Defending Their Rights Together

Speeches Shim

Thursday, February 4, 2021
Odilzhan's father, Odilzhan and his four children featured above.
Nurzhayna Oktyabrova, Interbilim

Odilzhan was born and raised in the Kyzyl-Kyshtak village in the Osh region of Kyrgyzstan. He has spent his entire life in Kyzyl-Kyshtak. He went to school, got married, and had four children here.

“I am the youngest in the family,” says Odilzhan. “There are six of us – it’s great to have a big family – we always help each other when one of us is in need. We were all born in the house that my father built. He could see the future – he built a home big enough for all of us.”

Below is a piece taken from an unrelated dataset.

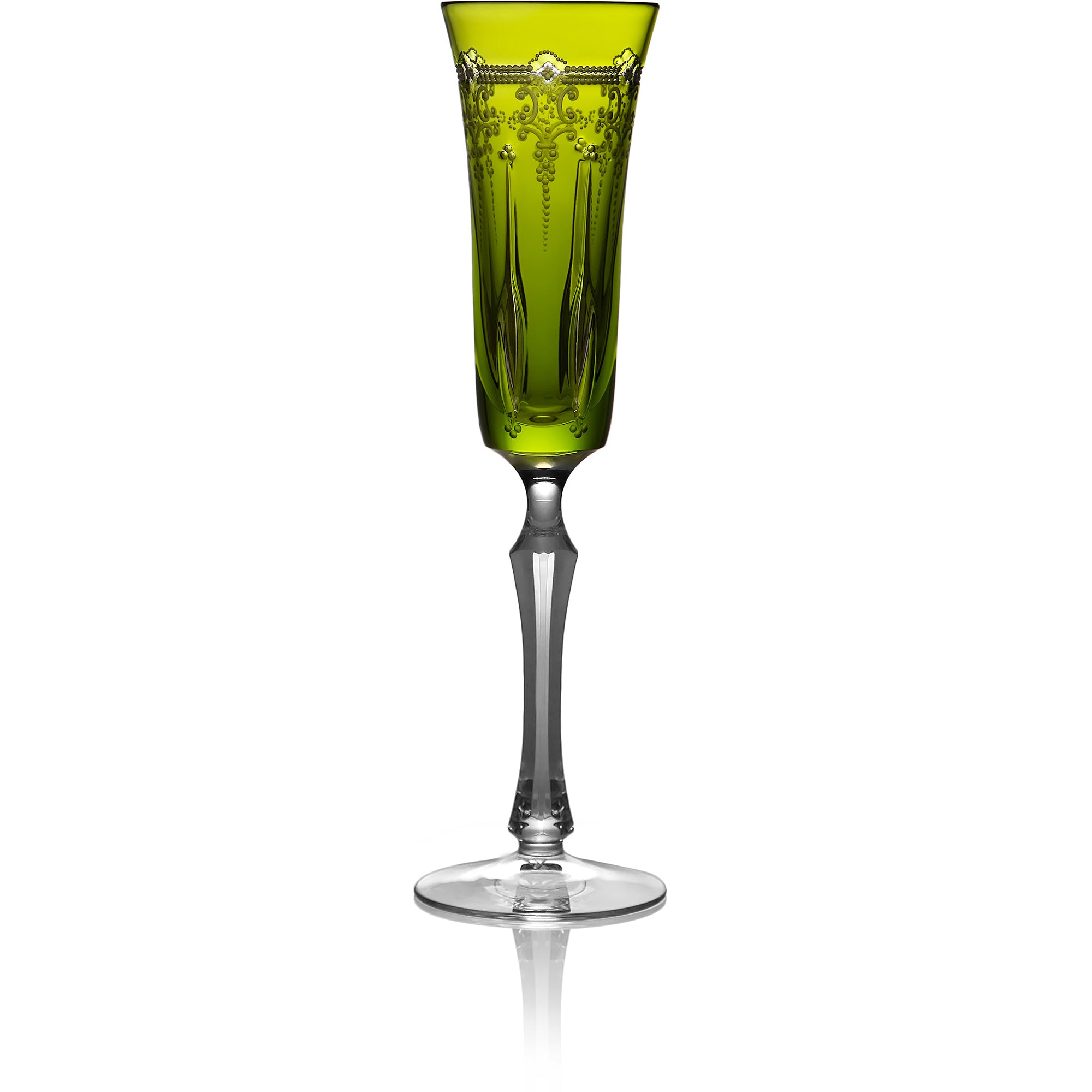 Yellow Green Flute Glass, grand | Lisbon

Odilzhan lived a quiet life with his family, raising his children, working, and confident that he would spend his whole life among his family’s keepsake, in the home his father built. Then, the unexpected happened. Local officials came to the family with an order, “Leave, we are going to build a border post here.”

“Suddenly, our lives were turned upside down,” Odilzhan recounts. “My brothers and I were born and raised in that house. It was our home. Our father laid every brick himself, with his own sweat. That house was dear to all of us. We saw how much it troubled our father. After negotiating, the officials offered us compensation. But the sum they offered us was not enough for our six families with children – can you picture how large our house was?”

Odilzhan’s family was distraught. The meager compensation was hardly a solution to their problem. The civil society organization Interbilim Osh heard about the family’s problems. The organization stepped in to help Odilzhan and other residents of the village. Interbilim Osh is a member of a regional network dedicated to protecting the interests of homeowners.

USAID, through its Partnership for Innovations program, provides regional grants to support advocacy initiatives among civil society networks in Central Asia to promote the protection and representation of citizens’ rights and interests. The USAID-funded Partnership for Innovations program, supported Interbilim Osh and the regional network to fight regulations that enable forcible seizure of property and works across Kazakhstan, the Kyrgyz Republic, Tajikistan, and Uzbekistan and to advocate for the right to adequate housing.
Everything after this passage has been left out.